Ad un certo punto mi sono chiesto cosa volessi dalla musica. Cosa di nuovo. Cosa. Per alcuni anni ho molto apprezzato. In quegli stessi lassi di tempo, però, non ho avuto il brivido di quando avevo quindici, diciotto, ventitre anni. E l’assenza di brivido prolungata, di gioventù troppo cotta, mi ha fatto pensare che io avessi dei problemi con la musica. Proprio io. No, non ci ho creduto. Questo mi ha fatto capire cosa volevo dalla musica. Un’emozione spacca cuore e fibrillante, la voglia di uscire di casa dopo un ascolto e provare la sensazione di vedere tutto completamente, radicalmente diverso. La mia connaturata bramosia di essere camaleonte, uscire e stupire tutti magari stando zitto e con lo sguardo appagato, avvolto dalle spirali di nicotina e sorseggiando un infuso di radici del Centro America. Meglio ancora, la mia imprescindibile voglia di fare un viaggio, accompagnato da uno sciamano immaginario, in un deserto che non c’è, a ricercare uno spirito in cui in fondo non credo. Questo voglio dalla musica: sicurezze, allucinazioni, consapevolezza di me. Annullare gli anni che passano. Sapere di poter vedere. Vedere sempre oltre il confine, la barriera del percettibile e del tangibile.

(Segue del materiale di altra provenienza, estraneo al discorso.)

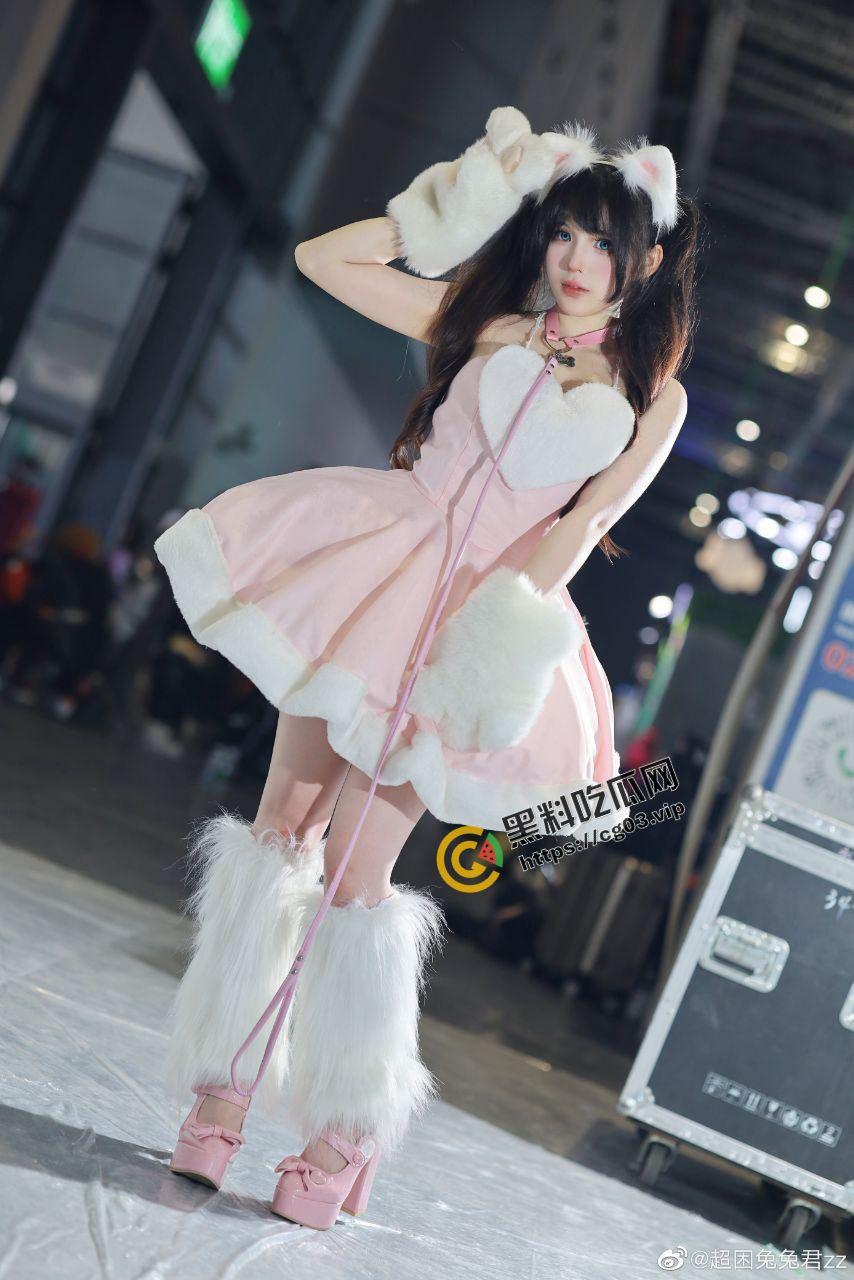 牛逼!推特福利姬【菟丝大花】转战抖音b站当网红 网黄想恰二次元烂钱 又当又立的鸡 第12张 牛逼!推特福利姬【菟丝大花】转战抖音b站当网红 网黄想恰二次元烂钱 又当又立的鸡 第12张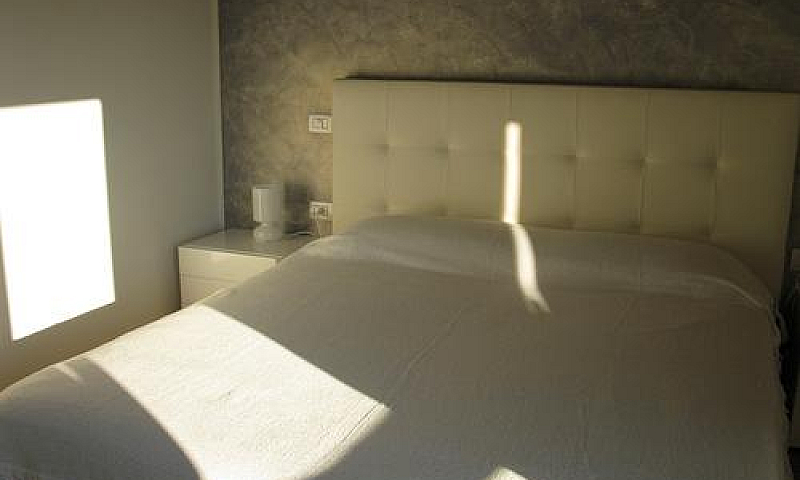 Appartamento Camin...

Quel deserto, ad esempio, è qui oppure qui . Le certezze sono nella solidità del progetto (e vado per astrazione), a prescindere dagli interpreti. Le allucinazioni le ho nel frigo. La consapevolezza di me è che non cambierò mai, perché cambio sempre.
In questo album, i pensieri di un cowboy che non è né buono, né brutto, né cattivo. Ha altro per la testa. E una musica solenne e basica, che istituzionalizza le acidità ed immerge nel caldo secco e rettile le paranoie cristallizzate di tanti. Dai Velvet Underground ai Calexico.
Per me, questi, soprattutto in questo album, sono una forma di libertà che l’umanità - tutta!- non ha ancora sperimentato.